December 23, 2014 by Christopher Gronlund 2 Comments

Wood grain close upI recently read an article about publishers hunting for blockbusters. It’s an interesting article, but what struck me most was this comment (by Gizella) about what many books lack:

Perhaps it’s because a great story needs a background of compelling conflict, and in our peaceful, Western, materially rich, and mostly liberal societies, conflicts are muted, and what is more, the writers’ experience of conflict is muted or based on 2nd hand sources like shows and novels they’ve read. Thus, you’re likely to get much more vigorous and compelling storytelling from other parts of the world, where life struggles are more intense and meaningful.

When Writing Sounds Like Other Writing

The point about many writers leaning on the shows they watch and the novels they read — and pulling heavily from those sources — has always happened, but it seems much more pronounced right now. I don’t mean, “Wow, this is such great writing — I’m inspired to do my best!” — I mean, “I have not really lived much of a life, or even observed life deeply (but I want to write bigger things than stories about shopping, which I do really well)…I think I will base this character’s life experiences on things from this novel [That probably did the same from another novel].”

I’ve heard some say this is something genre fiction suffers from (I’d argue just the opposite, though; some of the most imaginative and original writing is genre fiction and the mash-ups of fiction that have proven what many have known all along: “Good fiction is simply good fiction, no matter what it’s about — can we stop with the genre label already?”) I’ve seen this happen with literary fiction. (Must the world suffer through another well-to-do couple in suburbia slowly divorcing over 796 pages…or a writer writing about how hard it is to be a writer because all they’ve known is academia and the styles churned out from many MFA programs?)

When Writing Sounds Wooden

We’ve all heard the advice:

Write what you know.

Some seem to take this as meaning, “I will write autobiographical stuff and call it fiction,” while others understand that it means we all have different ways of looking at the world, and here’s how my view of things translates to fiction.”

I don’t believe that one must grow up in a region full of hardship in order to write good fiction, but…one should at least be empathetic to struggle and conflict enough to not simply imagine what it might be like. The love of wanting to write fiction before really living often presents itself in some very wooden writing, or at least writing that sounds like so many other things.

Emulate This!

It’s always happened: people emulate the books they love, and there have always been terrible books out there. I can only go by the quarter of Twilight that I’ve read and the excerpts of Fifty Shades of Grey that I’ve read, but the writing is not good. In both cases, it seems like writing from people imagining what life is like, having never lived it. (I may be talking out of my ass, but that’s the feeling I got from reading both authors.) And when you have something already weak being what people look up to and copying…it only gets worse.

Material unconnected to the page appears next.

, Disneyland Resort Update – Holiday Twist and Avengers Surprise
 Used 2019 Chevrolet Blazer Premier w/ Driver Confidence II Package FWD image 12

E.L. James saw the Twilight movie and then rushed through the books. After that, she decided to write, originally looking to Twilight for structure and style. And it shows. (She admits the BDSM aspect of her books was based on how she imagined it to be and that she didn’t spend much time researching the lifestyle.)

Clearly, she wasn’t even writing what she knows…outside of, “I know I liked this Twilight thing and want to do that…but make it kinky…”

Compelling Storytelling

Back to the comment by Gizella from the article about publishers seeking blockbusters. It seems many are beginning to seek out more diversity in the books they read because the voices are much more honest. The conflict and struggles seem more real because the writers are pulling from a harsher reality than that which makes one think, “I will write a series about sparkling vampires that glorifies abusive relationships and shows the importance of having a boyfriend no matter the cost.” (Hell, that very topic can be compelling if done well and shining a light on abuse!)

I don’t think one must have lived a hard life in order to write great fiction. It doesn’t hurt to have struggled some or kept your eyes open to the suffering and struggles of others, but should you think I believe good fiction must be about hardship, one of my favorite books in the past few years is Mr. Penumbra’s 24 Hour Bookstore, which is quite upbeat. (Where it won me over is in its celebration of the time in which we live, where old and new technology — books and the Internet — are not entirely as different as some would like to believe.) There are no real bad guys in the book, and the struggles are not matters of life and death. I don’t think they need to be because Robin Sloan still had something to say and wrote what he knows.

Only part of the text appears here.